Revisión Revisoría Fiscal

Por Samuel Mantilla. Revisión de la revisoría fiscal. El impacto de la vigilancia transfronteriza del auditor.

Previamente he hecho referencia a lo que está pasando con la revisoría fiscal, más recientemente en La revisoría fiscal y los coronavirus y certificaciones empresariales. Parece que las cosas están avanzando en dirección contraria a mis preferencias. En esta ocasión analizo la propuesta que parece se está consolidando.

El enfoque de las mayorías de la profesión

En medio de la avalancha de webinars, conferencias virtuales, congresos con proyección internacional y publicaciones de todo género que, desde sectores gremiales, universitarios y de algunas firmas de contadores se está dando estos días, parece se está decantando cómo va a ser la revisoría fiscal en el próximo futuro.

Tal y como hoy están las cosas y a falta de mejor información, las mayorías de la profesión contable colombiana están llegando a un importante acuerdo (no necesariamente consenso) en relación con la revisoría fiscal.

La reforma que como fruto de ello se le daría a la revisoría fiscal no pasará de ser una revisión marginal a la misma. No se realizará una transformación, sino que se mantendrá el modelo ‘tradicional’ del órgano societario (interno, no-independiente), quizás enfatizando (o finalmente definiendo) que su labor es principal y únicamente de fiscalización, a cargo de un contador público persona natural. ¡Con la aceptación de las mayorías de los contadores públicos colombianos!

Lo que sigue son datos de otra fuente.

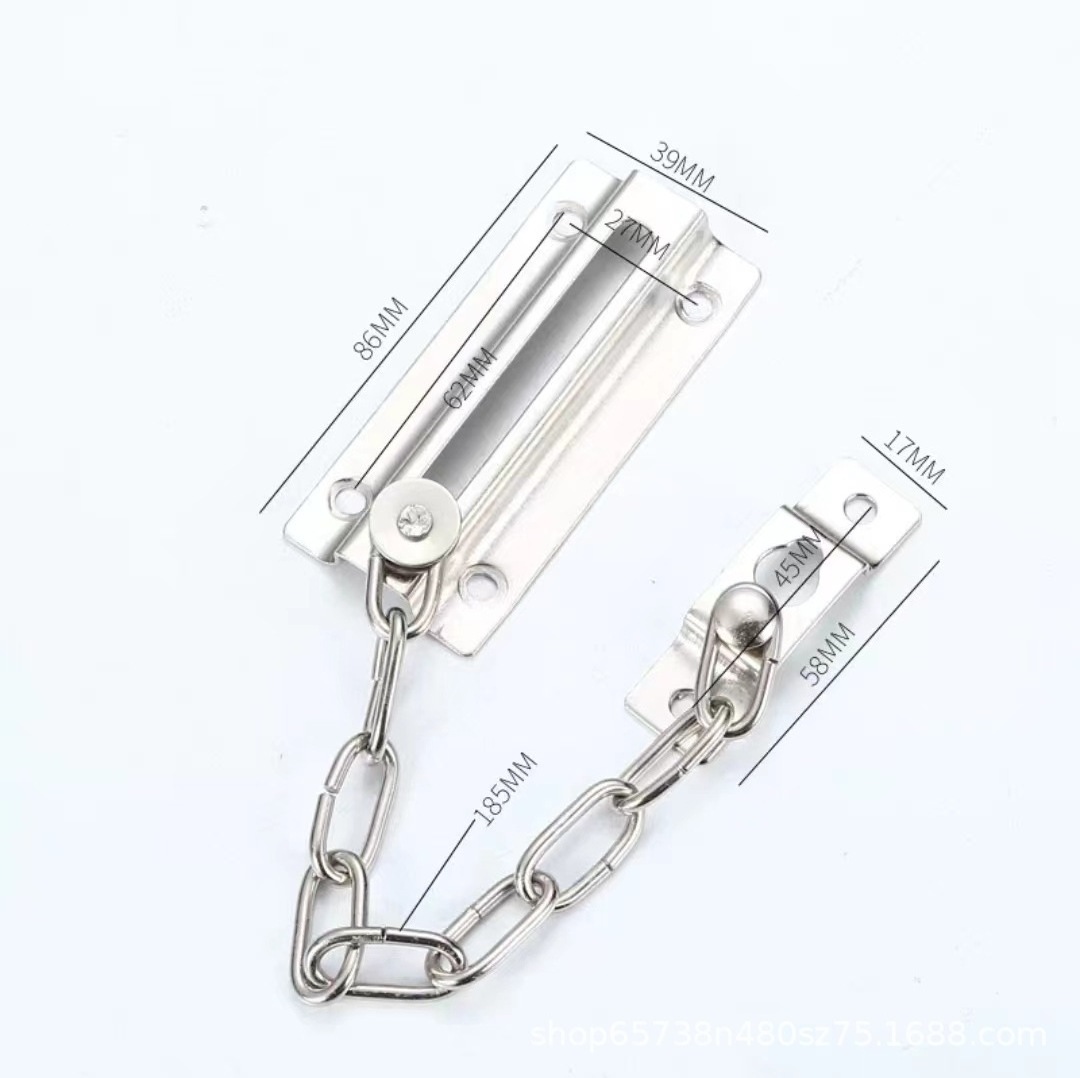 Door Chains Stainless Steel Security Sliding Bolt Bolt Guard Safety Lock Private With Screws For Front Doors Security Home Hotel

Tal fiscalización es entendida como una función de control a través de la cual el Estado interviene en la economía, que en ningún caso es auditoría ni aseguramiento de información. Es una función ‘superior’ que claramente no incluye auditoría ni aseguramiento.

En la práctica, será una persona natural con muchos poderes (en realidad, funciones ilimitadas) de control, acompañada de algunos auxiliares, que podrá revisar todo lo que considere sea de ‘bien común.’ La entidad fiscalizada, esto es, la entidad obligada a tener revisor fiscal pagará una cuota por ese servicio (ya sea a la superintendencia respectiva o a un nuevo órgano por crear) y tal superintendencia o entidad le pagará al revisor fiscal sus honorarios.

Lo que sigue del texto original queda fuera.